La leggenda è nota: Alessandro Magno, giunto nella città di Gordio (oggi poco distante da Ankara), si trovò di fronte a un inviluppo di funi e a una profezia: chiunque fosse riuscito a sciogliere quel nodo avrebbe dominato l’intera Asia. Il re macedone risolse la questione con un colpo di spada, risparmiando tempo e diottrie.

Il gesto è passato alla storia come metafora di un rimedio drastico e sbrigativo per risolvere situazioni complesse. Ma nel 1953 Carl Schmitt e Ernst Jünger vi dedicarono un saggio che ne metteva in luce un significato più profondo, associato alla complessità del rapporto tra oriente e occidente. Oggi in molti hanno evidenziato l’attinenza di quel lavoro con gli scenari geopolitici attuali, invitando ad interrogarsi su quali siano i loro moderni confini e quale significato assuma quel taglio.

Il taglio come svolta

Già Jünger e Schimtt denunciavano un fraintendimento. Dai tempi di Erodoto le società sorte a ovest e a est dei Dardanelli si sono caricate di significati simbolici contrapposti: razionalità contro fantasia, diritto contro arbitrio e, più di ogni cosa, libertà contro autocrazia (del resto Alessandro, realizzando la profezia, divenne un dispotico monarca persiano).
Ma il taglio non allude a una rottura radicale tra antinomie, piuttosto al momento di svolta nelle relazioni tra due autonomie. Il nodo rappresenta l’intricata connessione tra due mondi la cui cesura crea altri nodi e offre nuovi intrecci. Oggi, come nell’età classica, quel continuo stringersi e sciogliersi di legami è l’essenza della politica, rappresentata anche nel perpetuo scorporarsi e incorporarsi di culture limitrofe.
A Gordio comincia l’ellenizzazione dei barbari e l’orientalizzazione dei greci, ma persino la loro guerra è stata un incessante processo di confronto con “l’altro”.

Il rischio del muro 

All’opposto del “nodo” c’è la “cortina”, espressione che nel 1953 due tedeschi come Schmitt e Jünger potevano toccare con mano. Un muro impermeabile al dialogo che può essere rimosso solo crollando.
Allora era facile capire dove passasse la divisione tra est e ovest. Oggi i punti cardinali sono più che mai intricati, con società “orientali” che hanno abbracciato paradigmi “occidentali” (Taiwan, Giappone e Corea del Sud) e altre che occupano zone di confine, dove la bussola della storia le fa oscillare tra un estremo e l’altro (Russia e Turchia).
A ben vedere, tuttavia, l’interpretazione va oltre la geopolitica: i tratti di polarizzazione descritti da Junger e Schimtt sono anzitutto “orizzonti interiori” attraverso cui si intrecciano i nodi della nostra civiltà.
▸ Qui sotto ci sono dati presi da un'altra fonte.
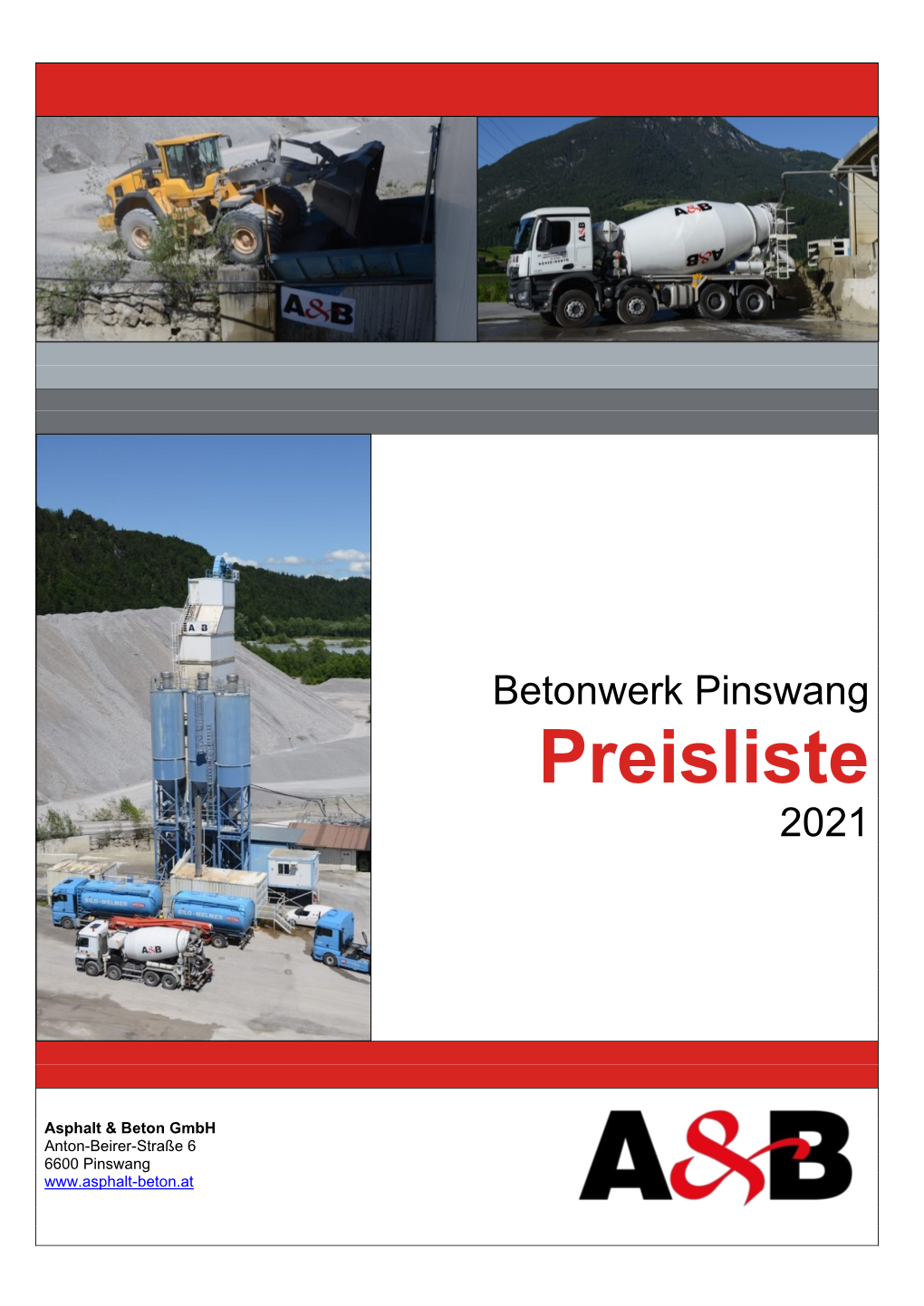 Preisliste 2021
In fondo, la contrapposizione di parole come diritto, libertà e autoritarismo anima il lessico della nostra stessa dialettica politica.

È proprio in questo contesto che è possibile osservare quanto la società contemporanea sia tentata di scorgere nei nodi non più una danza tra diverse identità che si intrecciano e si separano, ma una cortina impossibile da abbattere.
Se a livello mondiale la polarità oriente e occidente pare sempre più acuirsi, allo stesso modo abbiamo eretto all’interno delle nostre società “muri” tra l’ovest e l’est delle nostre coscienze. Li abbiamo costruiti con i mattoni della politica personificata e della negazione dell’avversario, con i nostri social media e il nostro odio a far da sentinella.
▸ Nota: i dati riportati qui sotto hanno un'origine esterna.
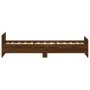 Brown oak engineered wood bed frame 90x200 cm by , Beds and slatted bases - Ref: Foro24-835931, Price: 76,92 €, Discount: %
Ogni dibattito — dall’Europa alle prese con le candidature a Bruxelles, al New Hampshire impegnato nelle primarie presidenziali — diventa occasione per comunicare solo con il proprio lato della cortina, senza repliche. E, mentre i fili dei contenuti pendono inerti di fronte alla contrapposizione assoluta, appare evidente che non siamo più in grado né di annodare, né di recidere le idee.
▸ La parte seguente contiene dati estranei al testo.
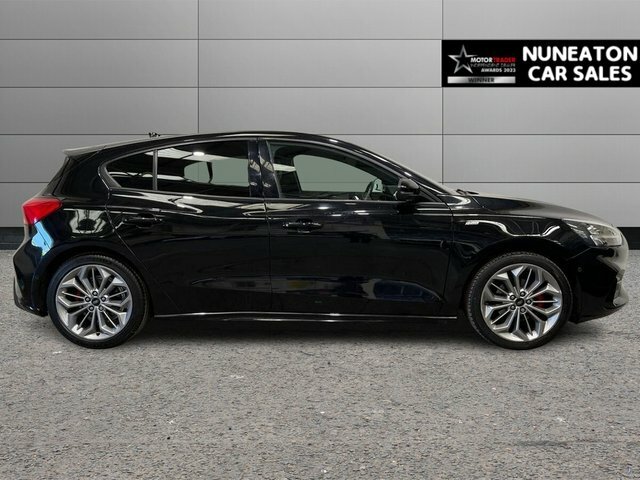 Ford Focus 1.0T Ecoboost St-line X Hatchback LO70VUE Black #2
Junger e Schimtt ci avevano inoltre avvertito di un pericolo molto serio: i nodi di oggi rischiano di essere tagliati non dalla spada, ma con la bomba atomica. Per fortuna, nel confronto politico nostrano, Elly Schlein e Giorgia Meloni non sono potenze nucleari, ma è bene ricordare che ogni sfida globale comincia dall’iniziativa del singolo: spiegargli come la “cultura dei nodi” sia meglio della “cultura delle cortine” sarebbe già un buon inizio.